プリズマンは宮尾昌宏、竹田茂生による演劇ユニットである。処女作はクライスト『地震の話』を原作にした『ハピネス・イン・ザ・トゥルース』。これを2014年に発表。続く15年には観客席が取り払われ、茶会記というアートスペースの三つの部屋を用いた同時多発的パフォーマンス『脱出の時代』を発表。そして、今回は新たに笑いに焦点を当てた短編集『プリズマンの奇妙な冒険』のお披露目となった。僕はなんと、この三作品すべてをきちっと見ている。年に一度のペースで作品を発表しているプリズマンの作風は安定せず、一作ごとに全く別のテイストになっていくのが、何となく面白い。
 
しかし、プリズマンの脚本・演出を務める宮尾の視点は常に一貫している。視点というか、何だろう、「わからない」という感覚をとにかくなんでもかまわない、手法なんてどうでもいい、そのときたまたま興味を持った手法でもって観客とこの「わからなさ」を共有しようとする姿勢は、作風の違いを超えてプリズマンの通奏低音となる。
 
ちょっと取り急ぎなんで、あまり細かいことに言及しないけど、今回の三つの短編のうち、多分メインであろう最後の「シン・テトリス」は非常に不思議な質感を持った作品だった。

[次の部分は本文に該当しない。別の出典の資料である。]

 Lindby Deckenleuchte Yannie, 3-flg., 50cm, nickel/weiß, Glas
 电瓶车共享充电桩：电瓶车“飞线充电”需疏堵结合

この40分程度の短編のあらすじは単純で、なぜかある狭い場所に囚われた男が、なぜだかわからないけど落ちてくるテトリスをなんとか消していき、最後には解放されたと思いきや、なぜだかわからないけれどもう一度囚われて宇宙空間にロケットで飛ばされる、というもの。
 
まぁ、なんだかわからない。なぜ囚われたのか、そしてなぜ途中で落語調で俳優が話すのか、なぜ途中でいきなりラップを歌い出すのか、なぜ女子高生らしき女がやってくるのか、なぜ宇宙に飛ばされるのか・・・。脈絡が、ないのだ。そして、僕はドゥルーズガタリが唱える「リゾーム」の概念を思い起こす。
 
リゾームないし多様体としての操り人形の糸は芸人ないし人形遣いの、一なるものと仮想された意図にかかわるのではなくて、神経繊維の多様体にかかわるのであり、この神経繊維が今度は、はじめの諸次元に接続された別の諸次元にしたがってもう一つ別の操り人形を形作るのである。
 
ツリー的な一つの超越的価値によって組織していく有機体に対して、リゾーム的なうごめきが対置される。宮尾は、その劇団名(プリズマンー乱反射する男)からしても、活動の最初に(ドゥルーズガタリリゾームの最もたるものとして言及する)クライストを選択したところからしても、そして、脈絡なく複数の劇形式が串刺しにされていく時間の構成の仕方にしても、何かしら、リゾーム的な神経繊維の多様体を思わせる。というのはつまり、その劇があまりにも《私的》なものであるということを意味する。テクストを執筆した宮尾の「わからない、わからない」というつぶやきに、なぜ僕は囚われているのか、男はなぜテトリスを積み上げては消しているのか、テトリスが天井まで積み上がるとどうなるのか、男が抱えるテトリスを消していかなければならない言い知れぬ不安は何なのか、なぜ男は何らかの形式の力を借りて喋り続けなければいけないのか、一切答えがないこれらのわからなさに観客は延々と付き合わされる。
 
普通は、だ。一定の古典的なドラマトゥルギーを理解しているものからしたら、主人公は葛藤を生み出す問題に対して何らかの行動を起こしたり、そしてその問題の意味の解像度をあげてみせたりするだろう。この何ら答えの出ない、というかそもそも答えの仮設も立てられない、かといって不条理劇のような構造的に示される無意味さー例えば「ゴドーを待つ」構造から、その無意味さを暴いていくベケットのような―があるわけでもない、ただ「わからない」と言われ続ける体験は異常だ。しかしここには擁護されるべき《私的価値》があるのだと、僕は言いたくなる。
 
観客は、こうした一連の脈絡のない、そして答えのない「わからない」があの手この手で示唆されていく時間と付き合う内に、宮尾が抱える神経系に触れていくことになる。神経系は統御できない。とにかく信号があらゆる領域へと拡散し、例えば何かの危険を知らせる。まとまった意味が生じる以前の神経繊維に広がる危険信号。この、ビビビと走る信号を、観客は共有させられる。意味はわからない。しかし宮尾のカラダの内に広がる統御不能なイマージュのうごめきが、まるで自分自身が宮尾に同一化してしまったかのように察知させられるのである。
 
プリズマンは、もしかしたら公共的な、演劇の言説空間に位置付けられるようなポジショニングを持てないかもしれない。その《私的なもの》を客観的な表現に変換してもらわないと、どうにもならないよ、と思われるかもしれない。だが、そうした客観性の欠如を要件とした《私性》こそを、僕は興味深いと思ったし、何か非常に重要なことだとも、思った。